┌─ EXTRACTED MATERIAL
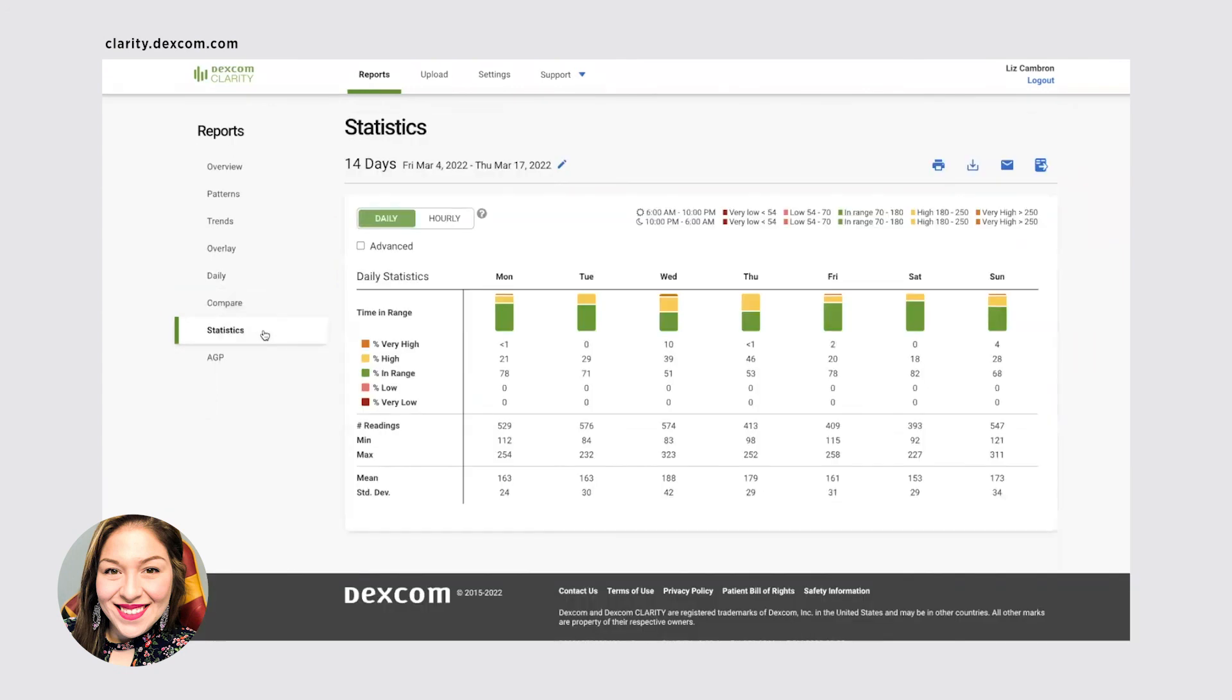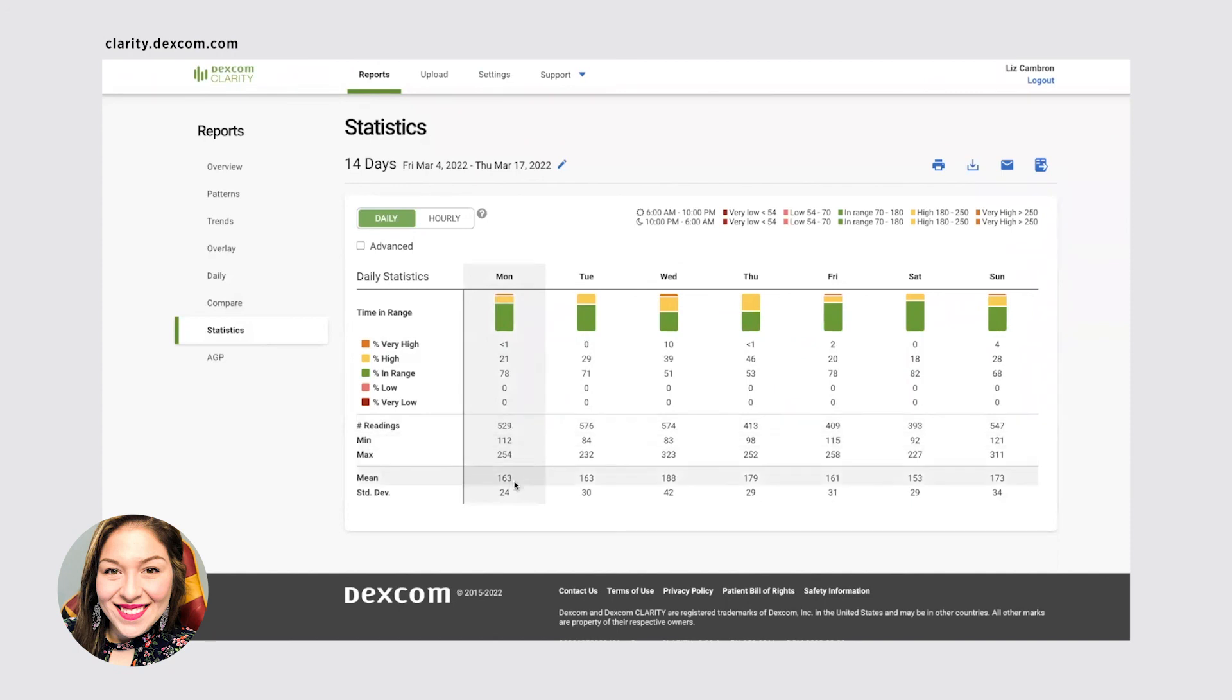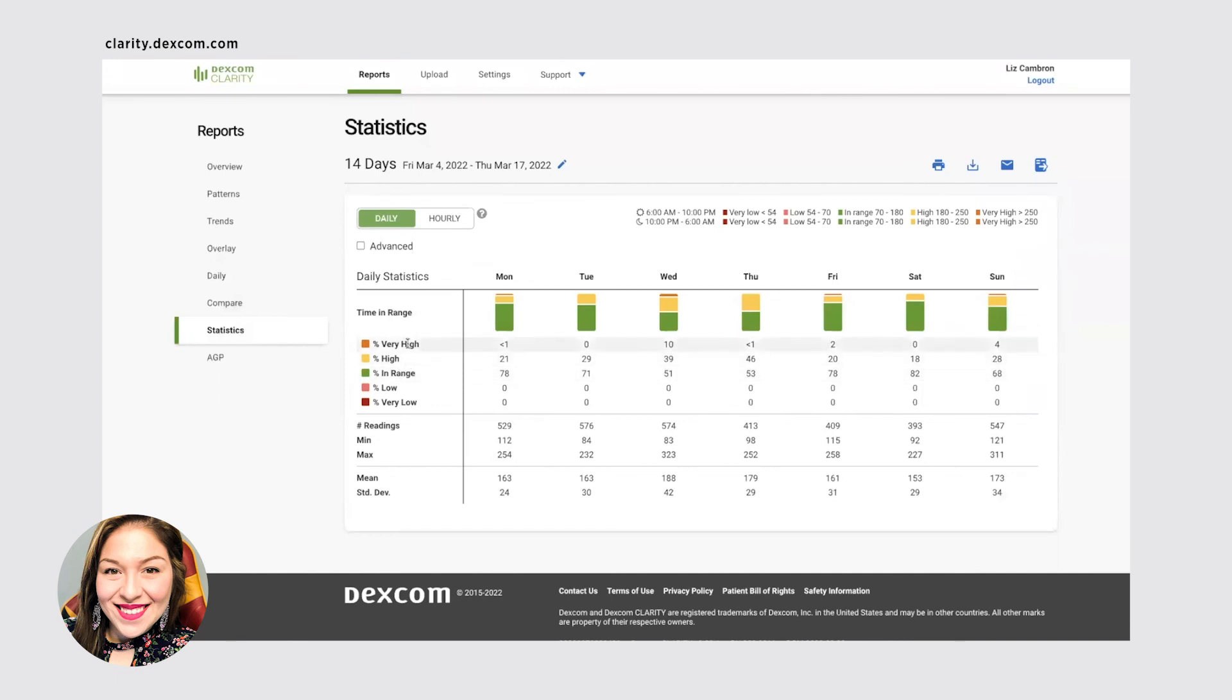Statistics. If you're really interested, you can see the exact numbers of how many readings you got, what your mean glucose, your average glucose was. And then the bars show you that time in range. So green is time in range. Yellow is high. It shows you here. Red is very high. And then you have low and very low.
└─
┌─ EXTRACTED MATERIAL
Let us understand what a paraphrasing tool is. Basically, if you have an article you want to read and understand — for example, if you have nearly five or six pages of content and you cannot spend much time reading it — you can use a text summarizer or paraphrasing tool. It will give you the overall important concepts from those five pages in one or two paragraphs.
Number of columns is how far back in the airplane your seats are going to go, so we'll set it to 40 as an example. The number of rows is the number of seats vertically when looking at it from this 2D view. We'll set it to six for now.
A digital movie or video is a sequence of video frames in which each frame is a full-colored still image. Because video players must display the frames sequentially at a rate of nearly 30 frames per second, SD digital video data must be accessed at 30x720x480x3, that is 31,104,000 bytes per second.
└─
┌─ EXTRACTED MATERIAL
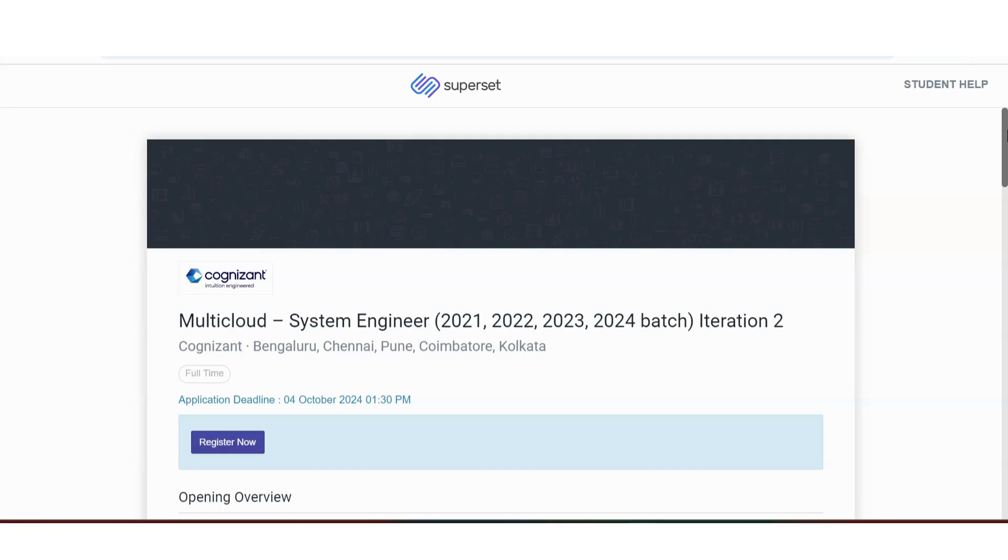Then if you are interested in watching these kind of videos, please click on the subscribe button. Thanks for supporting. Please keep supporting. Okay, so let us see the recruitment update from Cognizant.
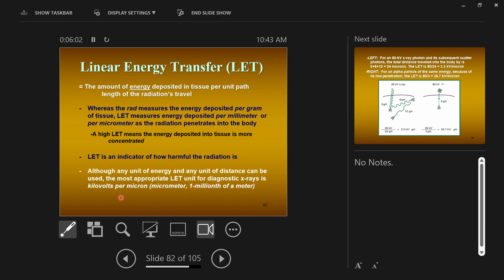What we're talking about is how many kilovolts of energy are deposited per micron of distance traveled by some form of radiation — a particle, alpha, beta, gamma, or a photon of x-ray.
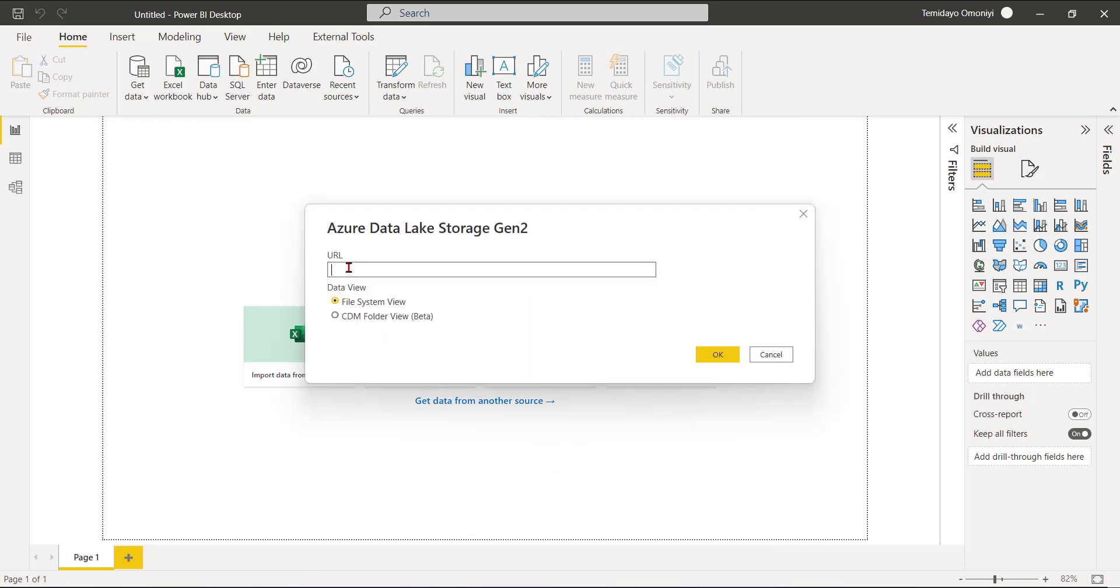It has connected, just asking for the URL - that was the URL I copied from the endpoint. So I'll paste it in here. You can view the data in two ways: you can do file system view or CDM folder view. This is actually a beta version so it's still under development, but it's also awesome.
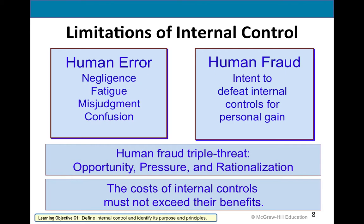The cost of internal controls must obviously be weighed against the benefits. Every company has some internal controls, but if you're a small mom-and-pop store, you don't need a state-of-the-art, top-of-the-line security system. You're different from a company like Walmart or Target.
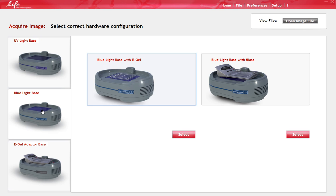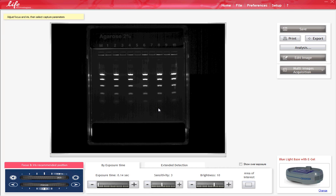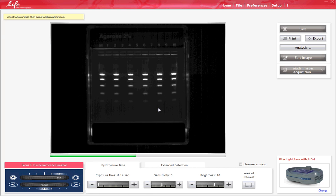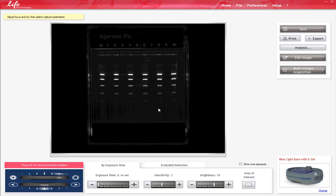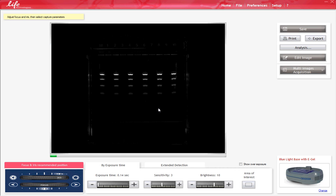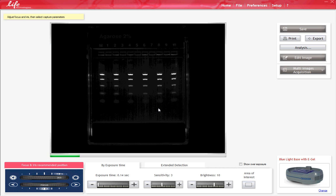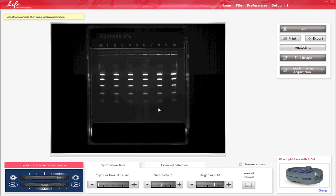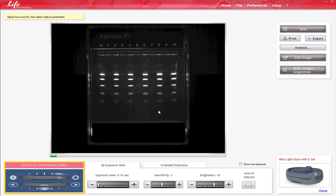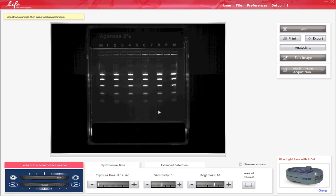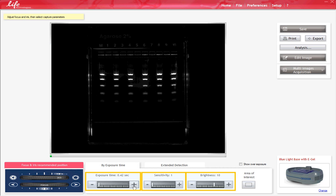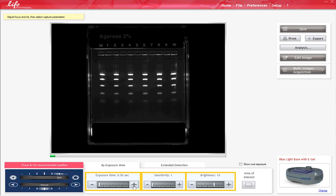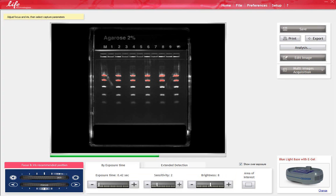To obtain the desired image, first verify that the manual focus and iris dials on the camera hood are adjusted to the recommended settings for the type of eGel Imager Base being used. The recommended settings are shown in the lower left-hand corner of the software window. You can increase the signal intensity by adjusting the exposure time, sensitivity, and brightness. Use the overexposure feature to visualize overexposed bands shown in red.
└─
### YOUR GOAL
With the first line being the one containing "Number of columns" and the last line the one containing "A digital movie", transcribe exactly the lines above that fall in that range.

### OUTPUT OF THE TASK
Number of columns is how far back in the airplane your seats are going to go, so we'll set it to 40 as an example. The number of rows is the number of seats vertically when looking at it from this 2D view. We'll set it to six for now.
A digital movie or video is a sequence of video frames in which each frame is a full-colored still image. Because video players must display the frames sequentially at a rate of nearly 30 frames per second, SD digital video data must be accessed at 30x720x480x3, that is 31,104,000 bytes per second.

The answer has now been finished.